Scraped caption text data
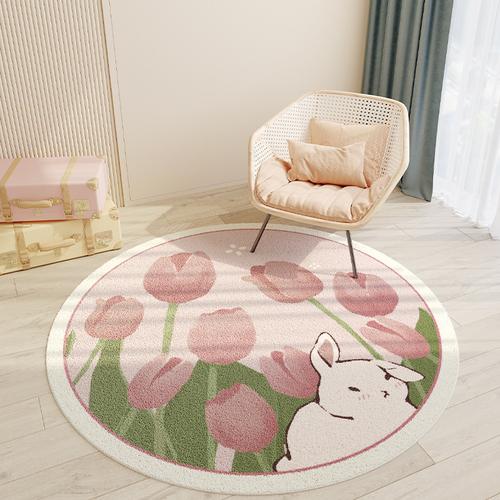 Moderne Ins Cartoon Rond Groot Vloerkleed Verdikt Lamswol Woonkamer Comfortabel, Makkelijk te Onderhouden Schattig Zacht Tapijt Kinderkamer 80x80CM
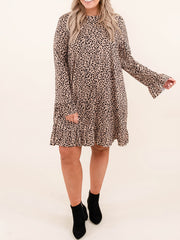  Leopard Print Flounce Sleeve Loose Fit Dress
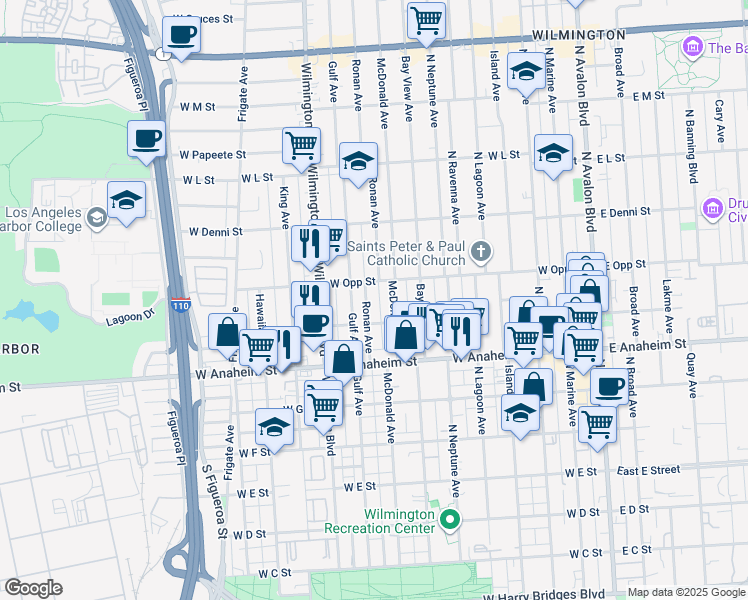 map of restaurants, bars, coffee shops, grocery stores, and more near 926 Ronan Ave in Los Angeles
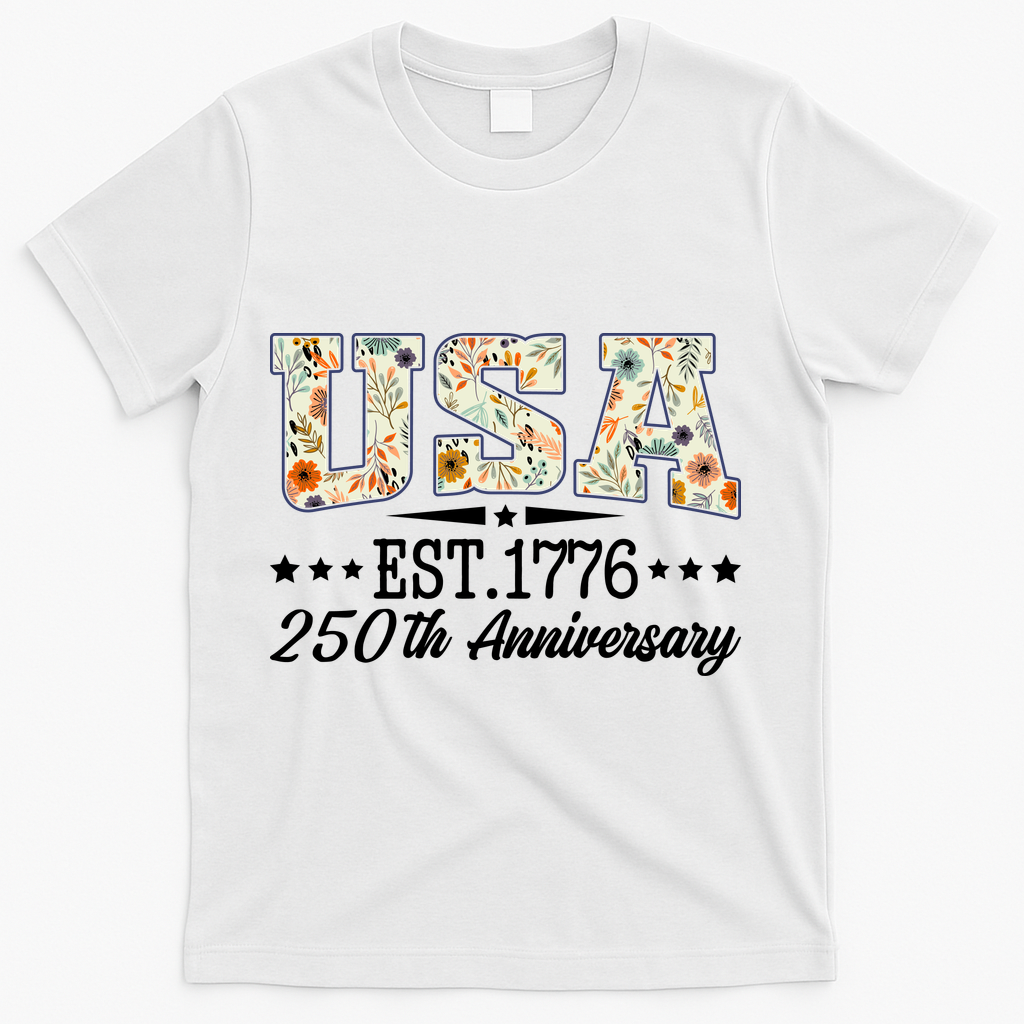 Floral USA 1776 Patriotic 250th Anniversary 250 Years Celebration T-Shirt - White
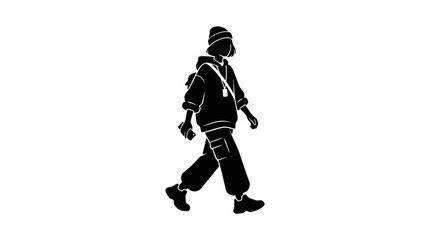 Fototapeta premium Pedestrian silhouette walks forward while wearing a beanie and cargo pants in a casual urban style.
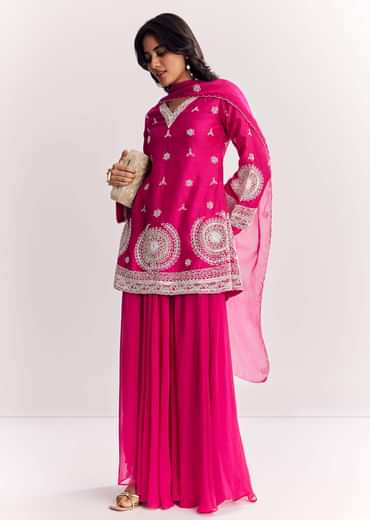 Pink Moti Work Short Kurta Palazzo Suit With Organza Dupatta
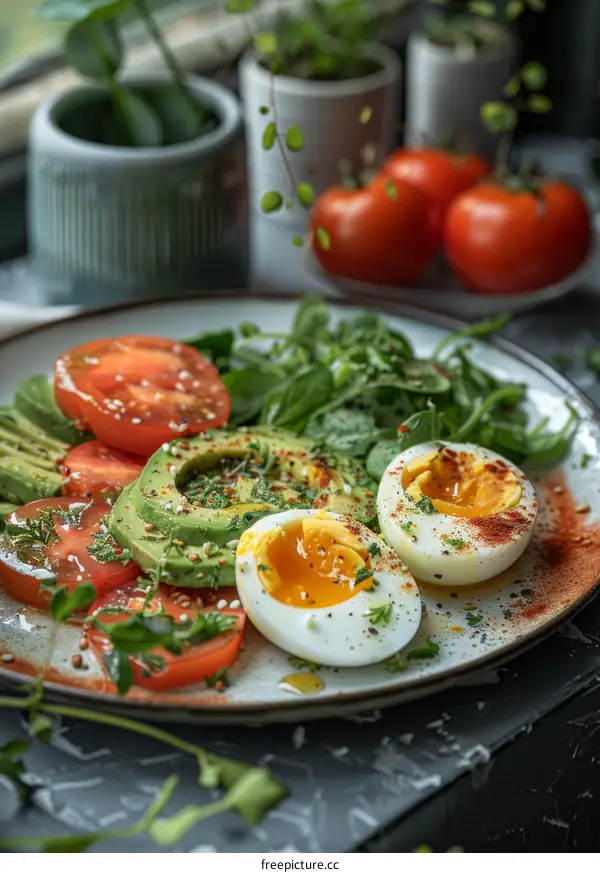 Healthy Avocado Toast with Boiled Egg & Tomatoes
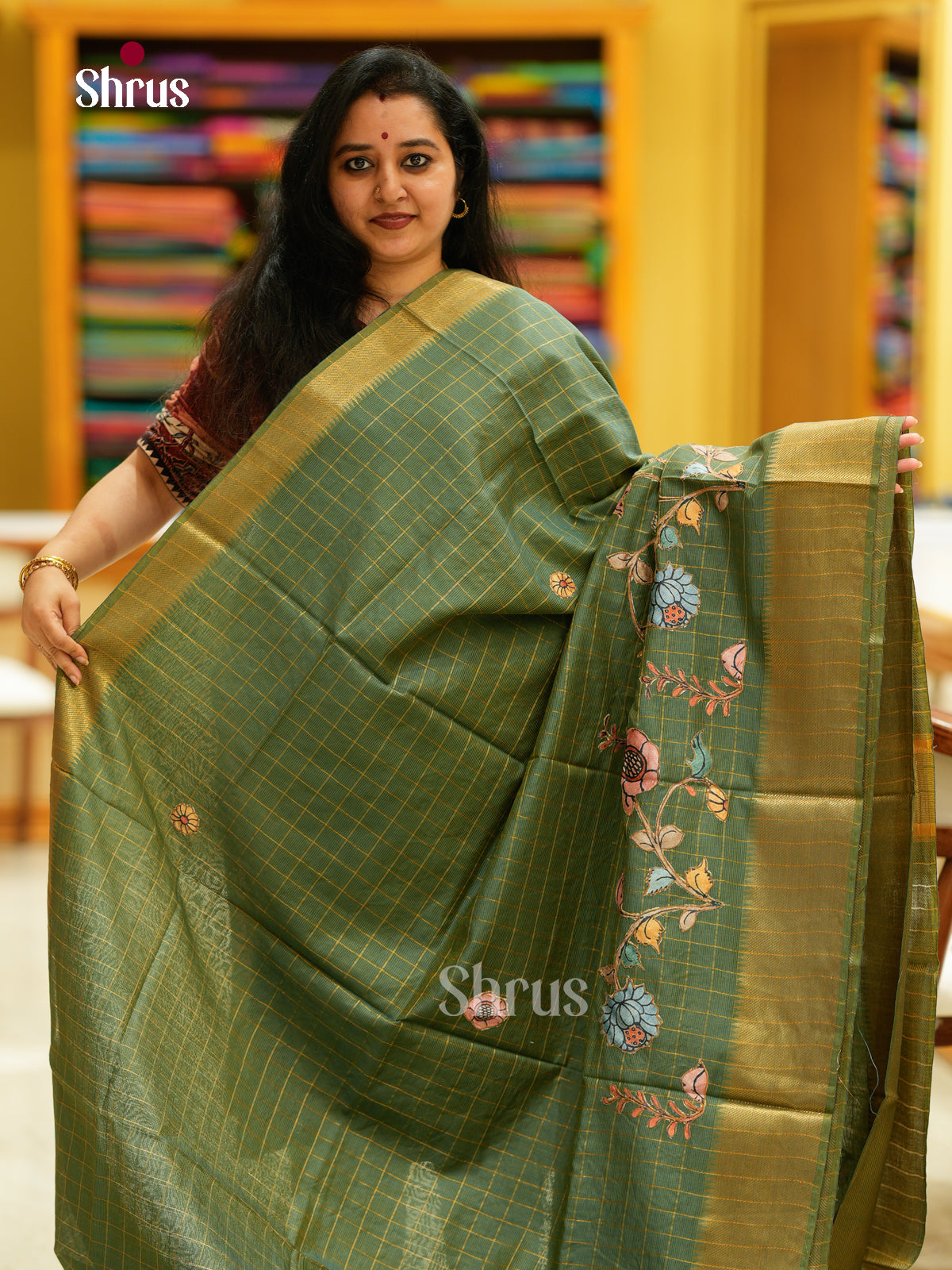 Kalamkari Applique Saree - EGS13169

Assignment. Write out the data exactly, and exclude every picture it holds.

Exercise solution.
 Moderne Ins Cartoon Rond Groot Vloerkleed Verdikt Lamswol Woonkamer Comfortabel, Makkelijk te Onderhouden Schattig Zacht Tapijt Kinderkamer 80x80CM
  Leopard Print Flounce Sleeve Loose Fit Dress
 map of restaurants, bars, coffee shops, grocery stores, and more near 926 Ronan Ave in Los Angeles
 Floral USA 1776 Patriotic 250th Anniversary 250 Years Celebration T-Shirt - White
 Fototapeta premium Pedestrian silhouette walks forward while wearing a beanie and cargo pants in a casual urban style.
 Pink Moti Work Short Kurta Palazzo Suit With Organza Dupatta
 Healthy Avocado Toast with Boiled Egg & Tomatoes
 Kalamkari Applique Saree - EGS13169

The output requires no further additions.